RODALE NEWS, EMMAUS, PA—We like to blame America's obesity epidemic on the sugar, salt, and fat food makers cram into modern-day food, and the mammoth portion sizes now served up at fast-food joints like McDonald's. These culprits undoubtedly play a role in the problem, but the issue of growing portion sizes is hardly new, if you believe that art imitates life.
According to new research analyzing dozens of famous Last Supper paintings created over the last millennium, portion and plate sizes in the paintings have been getting bigger and bigger over the last several hundred years. "I think people assume that increased serving sizes, or 'portion distortion,' is a recent phenomenon," says study coauthor Brian Wansink, PhD, professor and director of the Cornell Food and Brand Lab. "But this research indicates that it’s a general trend for at least the last millennium."
THE DETAILS: Researchers of the study, published in the April issue of the International Journal of Obesity, analyzed portion sizes relative to the head sizes of the figures in 52 of the most well-known Last Supper paintings created over about the last 1,000 years.
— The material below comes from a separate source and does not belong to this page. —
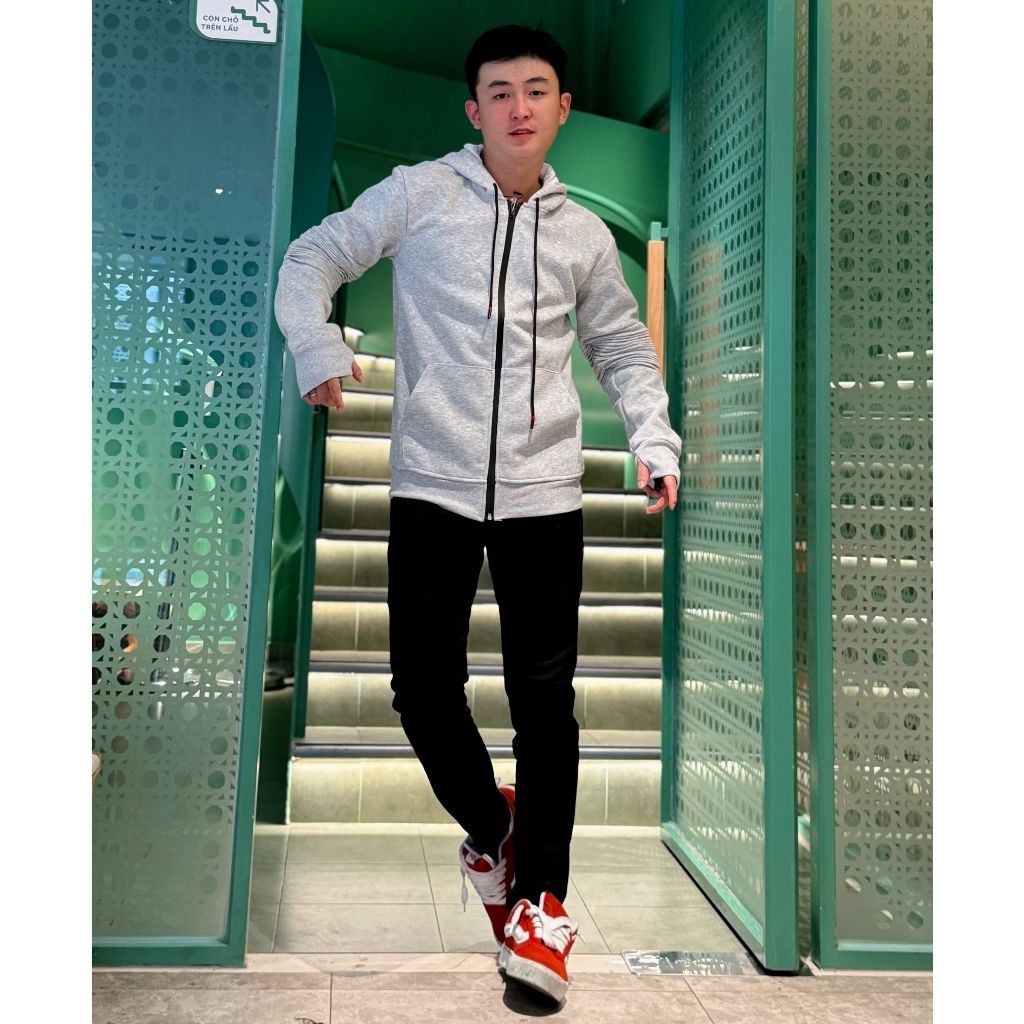 Áo Khoác Nam Boy Phố Dây Kéo 2 Chiều Thiết Kế Tay Xoắn Vải Nỉ Cao Cấp Thoáng Mát 026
Wansink, author of Mindless Eating: Why We Eat More Than We Think, teamed up with his brother, Craig Wansink, PhD, professor of religious studies at Virginia Wesleyan College, and analyzed the sizes of the different foods over the 1,000 years of Last Supper paintings. They found that portions of foods, including bread, and even the plate sizes, grew significantly bigger throughout the years. The main courses in the painting grew in size by nearly 70 percent, the plate sizes expanded by 66 percent, and bread size by 23 percent.